• **EXERCISE OBJECTIVE**
Each line of the material must be reproduced exactly; pictures stay out.

• **DATA FOR THE TASK**
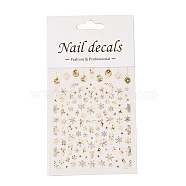 PET Christmas Laser Nail Art  Sticker, Self-adhesive, 3D Design, For Nail Tips Decorations, Mixed Christmas Theme Pattern, Gold, 10.4x8x0.02cm(MRMJ-B003-02G)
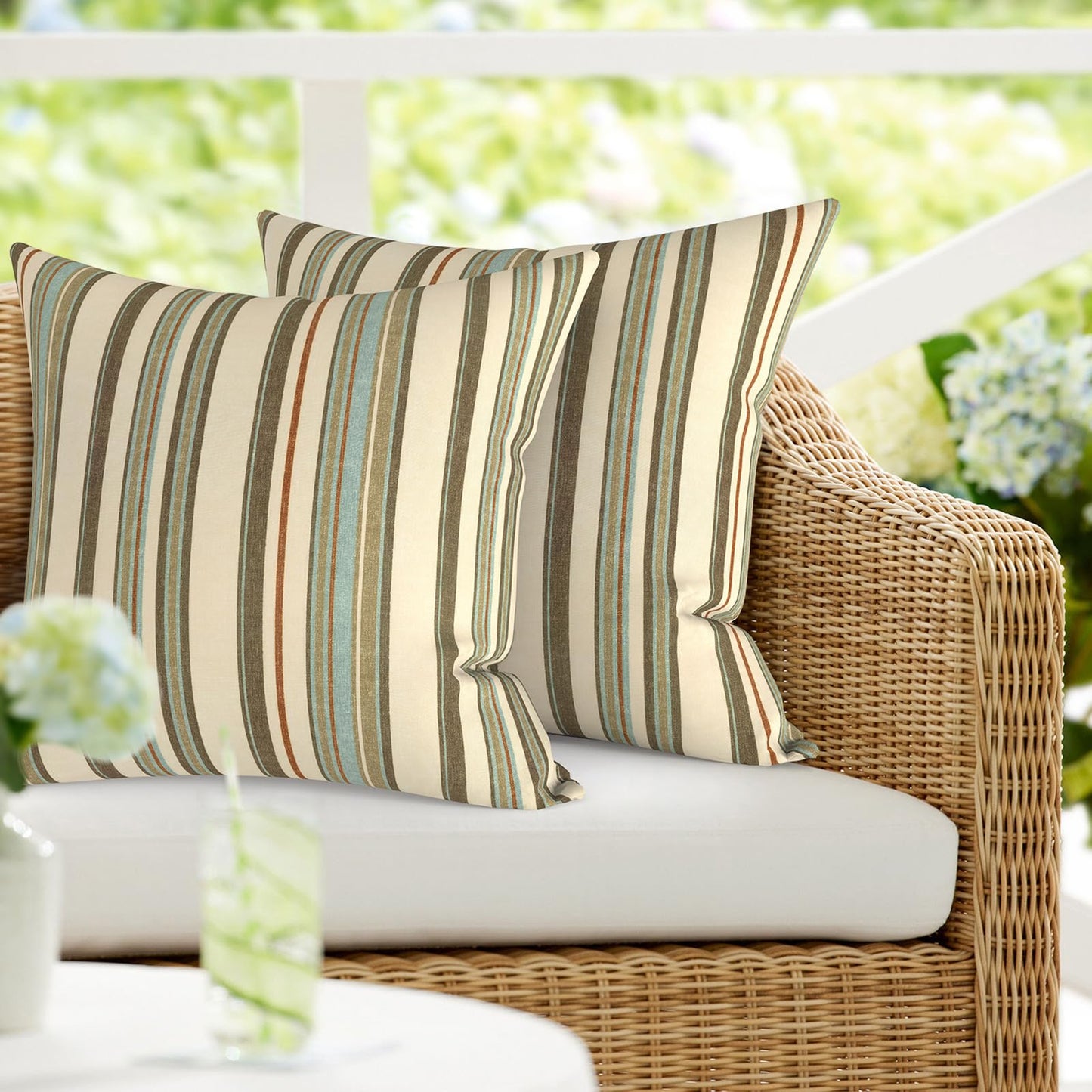 DYTXIII Pack of 2 Waterproof Outdoor Pillow with Inserts, 18x18 Square Patio Decorative Throw Pillow for Home,Sofa,Bench and Patio Furniture,Brush Blue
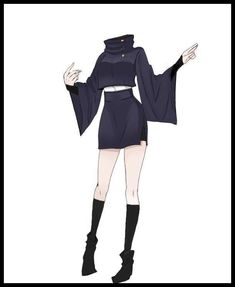 a drawing of a woman in a skirt and hoodie with her hands out to the side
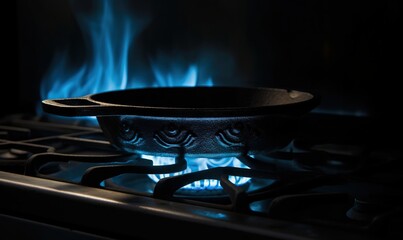  a skillet sitting on top of a stove with blue flames.  generative ai
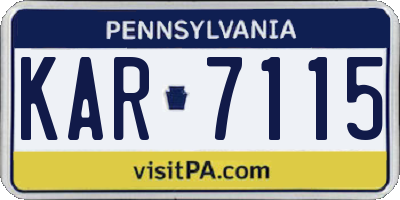 PA license plate KAR7115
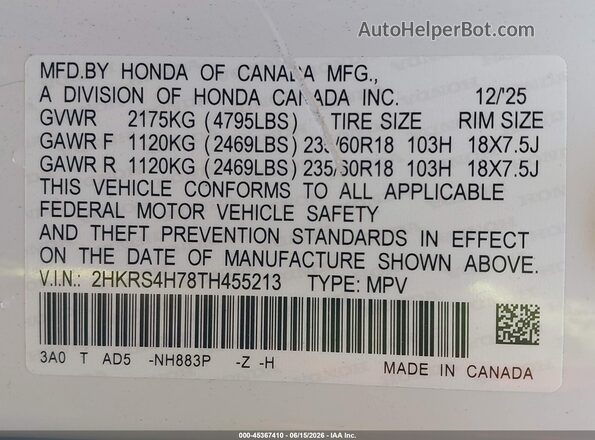 2HKRS4H78TH455213 2026 HONDA CR-V White Вид підкапотного простору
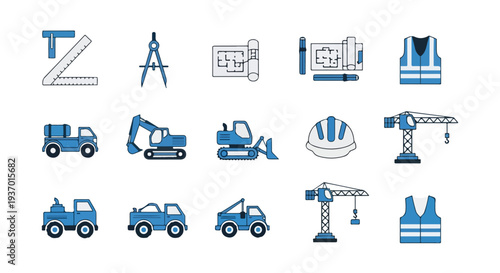 Vector icons in blue and grey illustrating construction and engineering tools, blueprints, heavy vehicles, safety gear, and cranes.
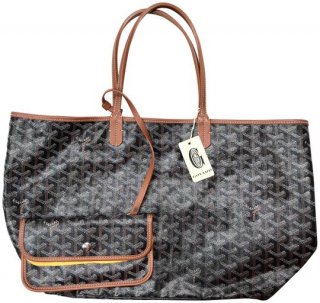 st louis pm black hemp and leather tote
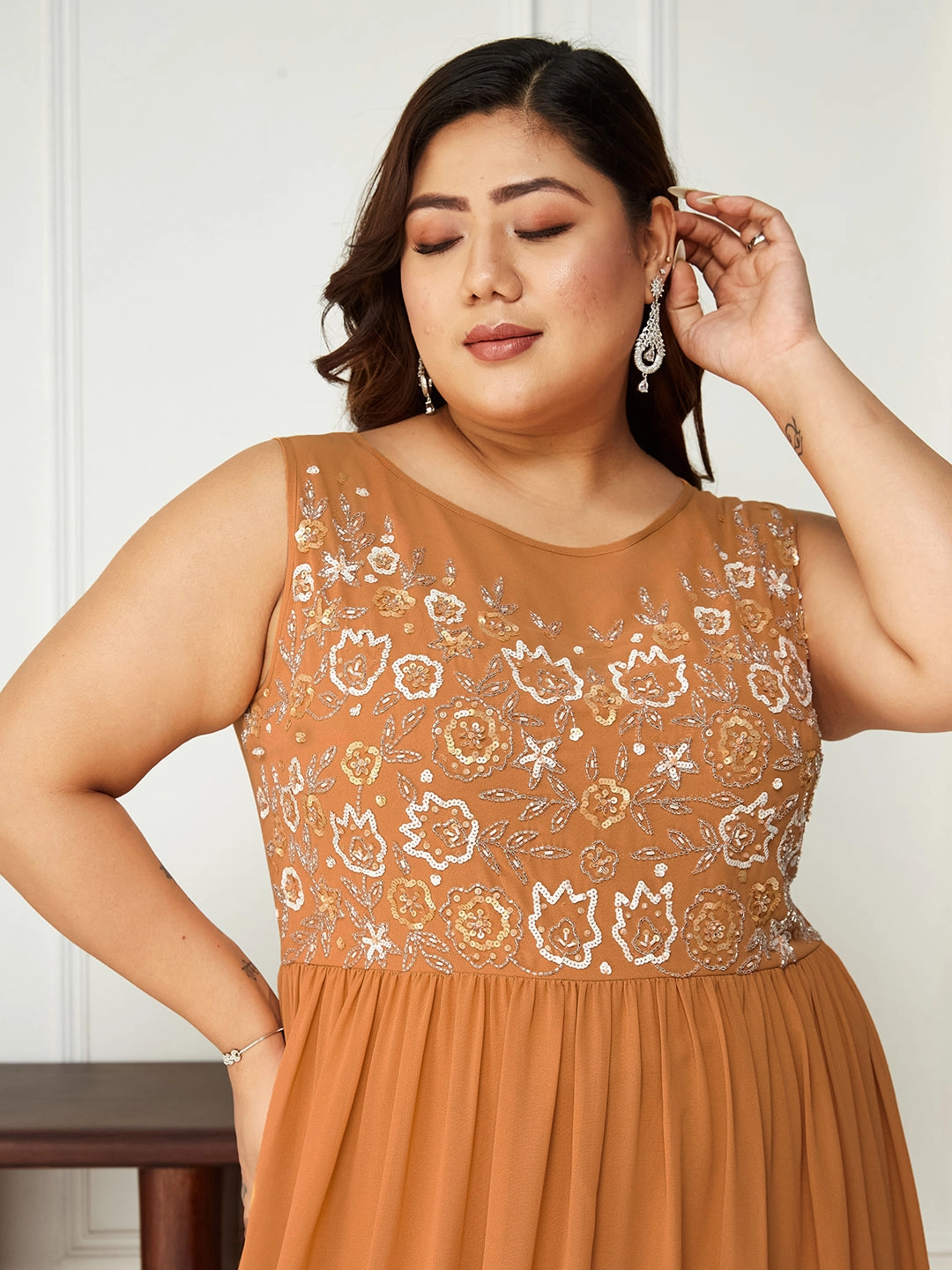 Body Bliss Orange Sequin Embroidered Georgette Maxi Dress Office Fit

• **SOLUTION FOR THIS PROBLEM**
 PET Christmas Laser Nail Art  Sticker, Self-adhesive, 3D Design, For Nail Tips Decorations, Mixed Christmas Theme Pattern, Gold, 10.4x8x0.02cm(MRMJ-B003-02G)
 DYTXIII Pack of 2 Waterproof Outdoor Pillow with Inserts, 18x18 Square Patio Decorative Throw Pillow for Home,Sofa,Bench and Patio Furniture,Brush Blue
 a drawing of a woman in a skirt and hoodie with her hands out to the side
  a skillet sitting on top of a stove with blue flames.  generative ai
 PA license plate KAR7115
 2HKRS4H78TH455213 2026 HONDA CR-V White Вид підкапотного простору
 Vector icons in blue and grey illustrating construction and engineering tools, blueprints, heavy vehicles, safety gear, and cranes.
 st louis pm black hemp and leather tote
 Body Bliss Orange Sequin Embroidered Georgette Maxi Dress Office Fit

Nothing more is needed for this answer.